By the beginning of the 1960s, all these brigades were either disbanded or reduced to the level of regiments. In 1960 the 19th Guards Cannon Artillery Brigade was withdrawn from the division and transferred to the Strategic Rocket Forces. In November 1960 in Vypolzovo in Tver Oblast, on the basis of the brigade, the 7th Rocket Engineering Brigade was formed, Military Unit Number 14245. The 7th Guards Rocket Engineering Brigade later became the 7th Guards Rocket Division.

The composition of the division for 1970:
- 457th Guards Howitzer Artillery Regiment (Pushkin, Leningrad Oblast) - former 5th Guards Howitzer Artillery Brigade
- 458th Guards Cannon Artillery Regiment (Pavlovsk, Leningrad Oblast) - former 6th Guards Heavy Howitzer Artillery Brigade
- 463rd Guards Howitzer Artillery Regiment (Pushkin, Leningrad Oblast) - former 45th Guards Heavy Mortar Brigade
- Reconnaissance Artillery Battalion (Pushkin, Leningrad Oblast)

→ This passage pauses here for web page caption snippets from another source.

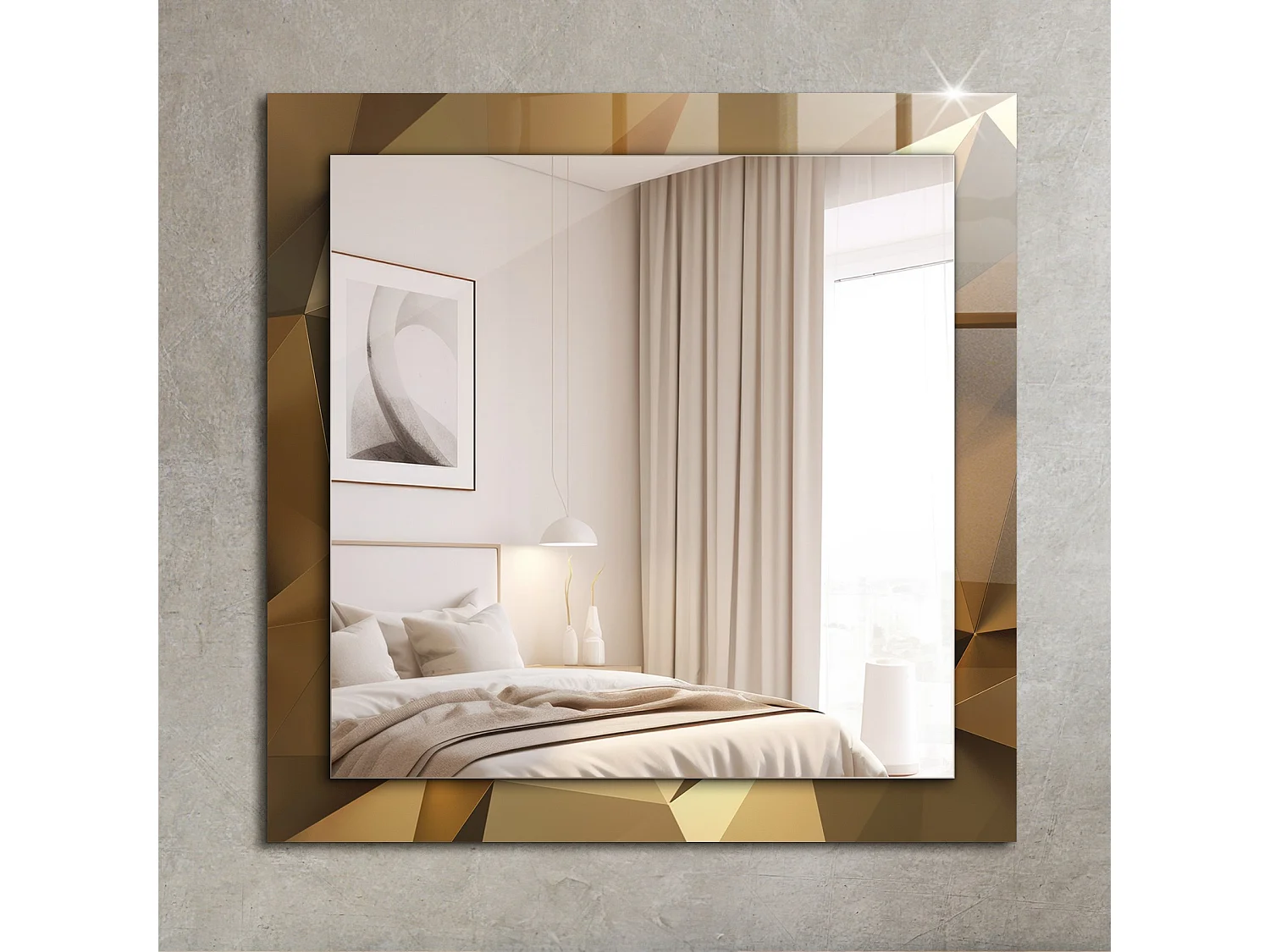 Miroir décoratif avec un cadre de formes géométriques 60 x 60 cm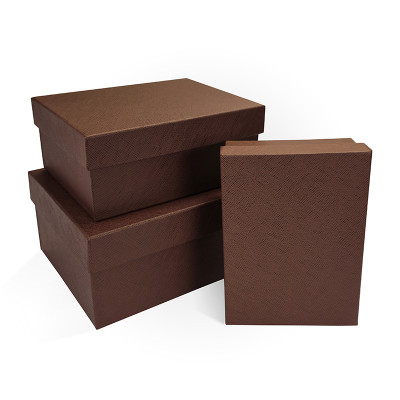Д10103П.424 Набор подарочных коробок 3 в 1 бумага тисненая 190х150х90 коричневый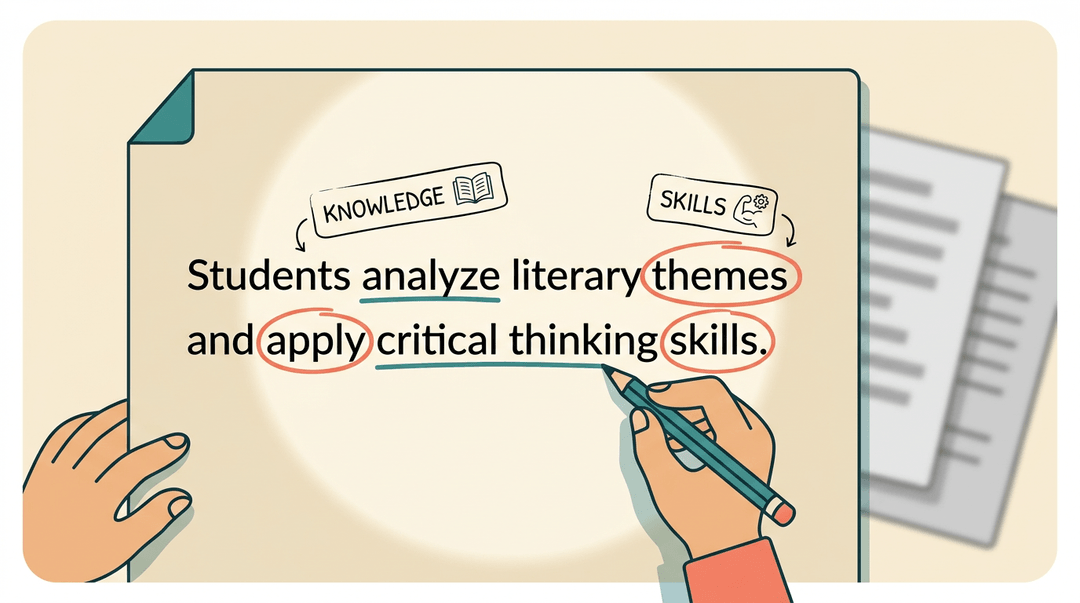 A highlighted sentence shows underlined nouns as knowledge and circled verbs as skills, illustrating one priority standard.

In 1971, the 463rd Guards Howitzer Artillery Regiment was reorganized into the 463rd Guards Rocket Artillery Regiment. In 1974, the division included the 315th and 316th (formed from the 20th Guards Cannon Artillery Brigade) Guards Heavy Howitzer Artillery Regiments, and in 1976, the 258th Anti-tank Artillery Regiment. In 1989, the 315th Guards Heavy Howitzer Artillery Regiment was deployed into the 287th Guards Heavy Howitzer Artillery Brigade, and the reconnaissance artillery regiment was disbanded. In 1991, the 316th Guards Heavy Howitzer Artillery Regiment was reorganised into the 285th Guards Heavy Howitzer Artillery Brigade, and the 458th Guards Cannon Artillery Regiment into the 268th Guards Cannon Artillery Brigade.

The division was disbanded in 1993.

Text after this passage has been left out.